Given material
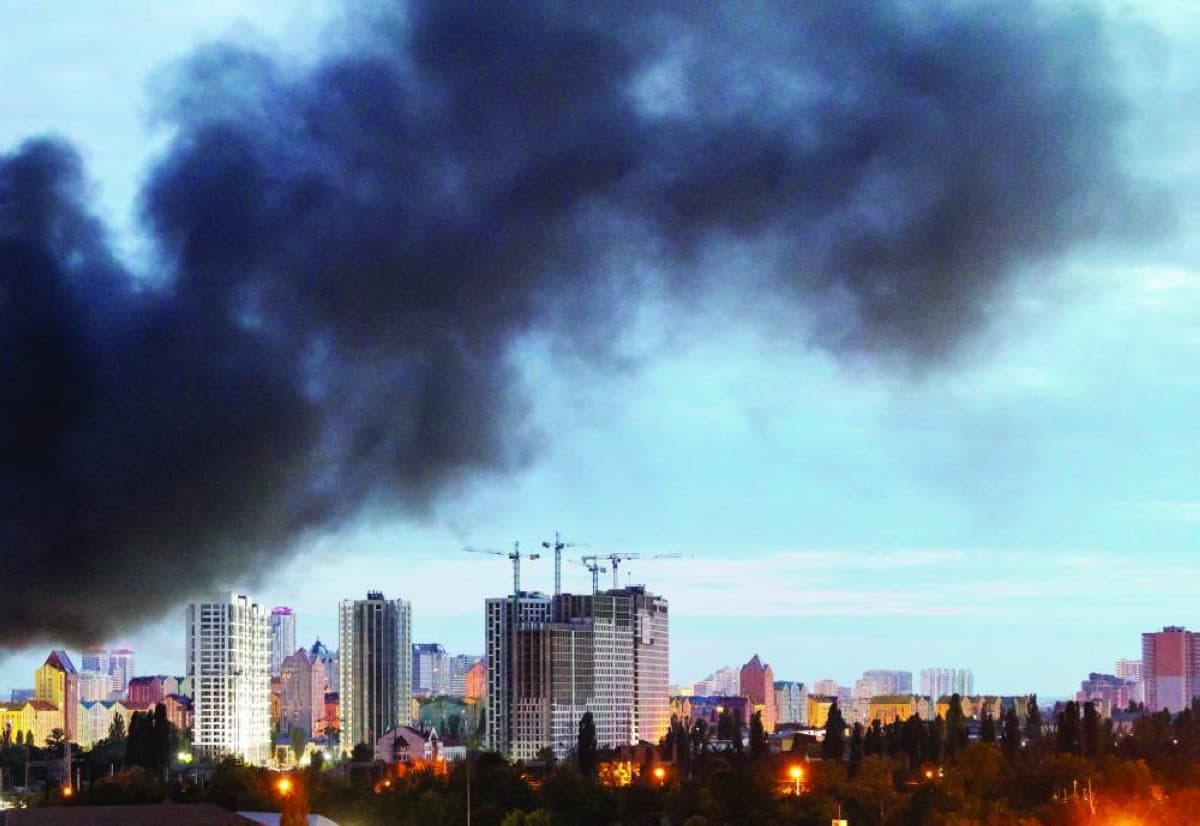 Ukrainian Fires and Russian Refineries Signal a Brutal Phase in the War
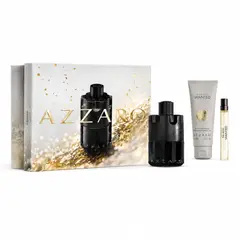 AZZARO - Set The Most Wanted EDP Intense 100Ml + H&b 75Ml + 10Ml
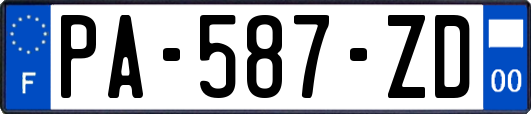 PA-587-ZD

Exercise directions
Retype the data word for word, please, and keep the images out.

Answer to this problem
 Ukrainian Fires and Russian Refineries Signal a Brutal Phase in the War
 AZZARO - Set The Most Wanted EDP Intense 100Ml + H&b 75Ml + 10Ml
 PA-587-ZD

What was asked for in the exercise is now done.